_PROBLEM DESCRIPTION_
Look below for the lines from the one with "Post Nasal Drip" to the one with "硬脑膜外血肿引流,高压氧治疗颅内出血", and copy exactly those lines, both ends included.

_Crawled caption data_
------------------------------------------------------------------------
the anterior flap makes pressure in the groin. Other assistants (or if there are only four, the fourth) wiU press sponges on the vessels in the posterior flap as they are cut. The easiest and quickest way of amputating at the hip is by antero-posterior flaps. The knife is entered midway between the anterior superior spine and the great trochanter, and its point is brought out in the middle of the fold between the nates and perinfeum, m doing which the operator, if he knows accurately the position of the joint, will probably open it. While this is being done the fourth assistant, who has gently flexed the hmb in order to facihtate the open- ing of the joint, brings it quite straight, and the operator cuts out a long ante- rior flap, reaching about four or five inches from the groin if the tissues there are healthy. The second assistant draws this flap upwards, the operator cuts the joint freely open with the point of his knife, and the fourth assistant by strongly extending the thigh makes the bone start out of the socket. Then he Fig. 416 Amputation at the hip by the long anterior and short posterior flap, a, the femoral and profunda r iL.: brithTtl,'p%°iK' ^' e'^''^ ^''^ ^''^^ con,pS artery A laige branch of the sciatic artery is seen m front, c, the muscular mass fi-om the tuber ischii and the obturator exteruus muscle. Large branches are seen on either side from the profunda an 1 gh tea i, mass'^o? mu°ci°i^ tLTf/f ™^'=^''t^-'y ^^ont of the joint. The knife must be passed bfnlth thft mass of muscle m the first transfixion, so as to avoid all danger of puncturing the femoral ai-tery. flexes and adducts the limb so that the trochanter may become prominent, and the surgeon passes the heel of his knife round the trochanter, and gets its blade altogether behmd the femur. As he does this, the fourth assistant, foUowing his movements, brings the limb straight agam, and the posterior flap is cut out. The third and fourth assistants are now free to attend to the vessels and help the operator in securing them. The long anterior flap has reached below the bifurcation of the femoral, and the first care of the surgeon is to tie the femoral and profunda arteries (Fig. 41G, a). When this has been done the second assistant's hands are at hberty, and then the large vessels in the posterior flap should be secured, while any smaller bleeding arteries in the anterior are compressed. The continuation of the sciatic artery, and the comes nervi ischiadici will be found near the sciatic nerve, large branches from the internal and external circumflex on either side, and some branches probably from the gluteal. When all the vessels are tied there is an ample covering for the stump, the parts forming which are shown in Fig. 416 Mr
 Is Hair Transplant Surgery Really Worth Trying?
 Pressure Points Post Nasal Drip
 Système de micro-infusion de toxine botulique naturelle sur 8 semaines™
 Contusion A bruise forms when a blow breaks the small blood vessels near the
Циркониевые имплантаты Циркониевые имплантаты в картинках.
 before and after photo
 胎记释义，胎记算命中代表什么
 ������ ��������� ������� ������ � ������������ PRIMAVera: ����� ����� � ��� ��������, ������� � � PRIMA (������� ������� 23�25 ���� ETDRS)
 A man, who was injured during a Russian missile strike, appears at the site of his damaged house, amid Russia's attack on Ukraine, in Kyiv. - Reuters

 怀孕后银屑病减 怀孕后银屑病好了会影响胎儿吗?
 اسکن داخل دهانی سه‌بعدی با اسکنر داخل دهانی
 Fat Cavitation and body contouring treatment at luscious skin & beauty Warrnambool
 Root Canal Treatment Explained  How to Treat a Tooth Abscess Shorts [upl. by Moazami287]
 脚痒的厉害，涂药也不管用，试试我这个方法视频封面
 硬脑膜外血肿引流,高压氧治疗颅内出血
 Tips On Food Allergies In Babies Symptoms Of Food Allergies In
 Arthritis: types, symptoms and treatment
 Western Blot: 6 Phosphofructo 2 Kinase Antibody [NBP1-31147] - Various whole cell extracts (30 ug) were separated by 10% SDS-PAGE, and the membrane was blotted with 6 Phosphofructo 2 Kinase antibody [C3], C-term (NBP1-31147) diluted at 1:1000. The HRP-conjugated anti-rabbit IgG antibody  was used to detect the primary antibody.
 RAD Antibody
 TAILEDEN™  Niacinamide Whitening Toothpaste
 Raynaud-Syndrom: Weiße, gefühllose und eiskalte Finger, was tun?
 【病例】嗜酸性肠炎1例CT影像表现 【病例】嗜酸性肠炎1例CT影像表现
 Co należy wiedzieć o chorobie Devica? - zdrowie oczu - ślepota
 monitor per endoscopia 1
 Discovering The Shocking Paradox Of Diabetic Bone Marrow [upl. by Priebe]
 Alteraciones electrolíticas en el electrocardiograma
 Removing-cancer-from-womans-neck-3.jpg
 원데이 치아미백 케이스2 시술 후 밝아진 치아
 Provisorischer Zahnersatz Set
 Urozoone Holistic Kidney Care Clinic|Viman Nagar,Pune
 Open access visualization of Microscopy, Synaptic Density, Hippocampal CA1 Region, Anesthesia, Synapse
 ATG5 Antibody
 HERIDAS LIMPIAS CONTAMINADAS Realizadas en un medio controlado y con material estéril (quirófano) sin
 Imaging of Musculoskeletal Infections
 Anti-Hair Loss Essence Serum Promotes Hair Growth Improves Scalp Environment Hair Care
------------------------------------------------------------------------
_REPLY TO THE EXERCISE_
 Pressure Points Post Nasal Drip
 Système de micro-infusion de toxine botulique naturelle sur 8 semaines™
 Contusion A bruise forms when a blow breaks the small blood vessels near the
Циркониевые имплантаты Циркониевые имплантаты в картинках.
 before and after photo
 胎记释义，胎记算命中代表什么
 ������ ��������� ������� ������ � ������������ PRIMAVera: ����� ����� � ��� ��������, ������� � � PRIMA (������� ������� 23�25 ���� ETDRS)
 A man, who was injured during a Russian missile strike, appears at the site of his damaged house, amid Russia's attack on Ukraine, in Kyiv. - Reuters

 怀孕后银屑病减 怀孕后银屑病好了会影响胎儿吗?
 اسکن داخل دهانی سه‌بعدی با اسکنر داخل دهانی
 Fat Cavitation and body contouring treatment at luscious skin & beauty Warrnambool
 Root Canal Treatment Explained  How to Treat a Tooth Abscess Shorts [upl. by Moazami287]
 脚痒的厉害，涂药也不管用，试试我这个方法视频封面
 硬脑膜外血肿引流,高压氧治疗颅内出血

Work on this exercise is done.